By clicking “Sign up for GitHub”, you agree to our terms of service and privacy statement. We’ll occasionally send you account related emails.

Already on GitHub? Sign in to your account

[Jinja] GPT4All-Chat 3.5.1 breaks TheBloke/OpenHermes-2.5-Mistral-7B-GGUF #3281

Closed
UserHub1973 opened this issue Dec 13, 2024 · 2 comments
Closed
Labels
bug-unconfirmed chat gpt4all-chat issues

Comments

@UserHub1973
Copy link

UserHub1973 commented Dec 13, 2024

So out of 12 models that are regularly used by me.

None of them work as of the last update. They all worked wonderfully under 3.4.2 and all are broke under 3.5.1.

Is every non Nomic Model being rendered useless and inoperable, going to be addressed as a FLAW or is it a new feature that I am to be happy and joyous over at all times?

Basically, is there a plan to go back to some kind of 'jinja' based 'default prompt' that just works with any side loaded models? Lawyer talk and nanny gas lighting aside the expected real-world behavior was side loaded models just worked once put into the model folder. Very compatible with many many models of any quant we wanted from 4 to 16 any quant you wanted almost any model. Thousands in fact.

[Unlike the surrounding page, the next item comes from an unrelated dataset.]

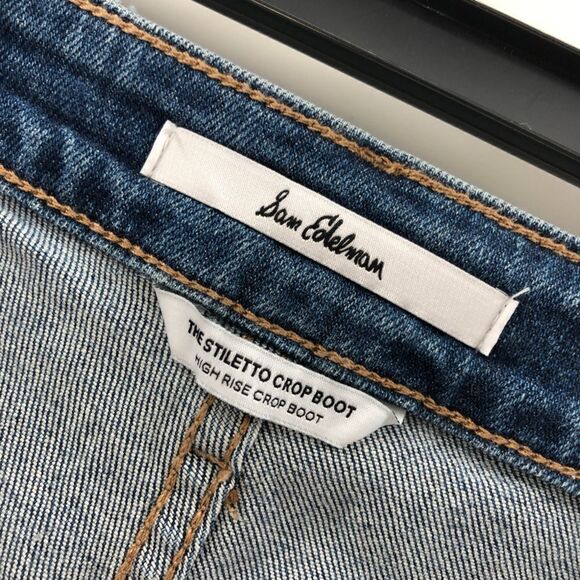 Sam Edelman The Stiletto Cropped Bootcut J Ayana 00 - Picture 5 of 10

That was the functionality up until 3.5 AFTER ALL. Truth be told. 99% of all Hugging face models just worked out of the box and with very little or NO fiddling, upside, will all those THOUSAND OF LLM models on HUGGINGFACE that made your product popular because they side loaded EASILY, have to stop advertising as working with your product?

TheBloke Models are not compatible with software all the sudden?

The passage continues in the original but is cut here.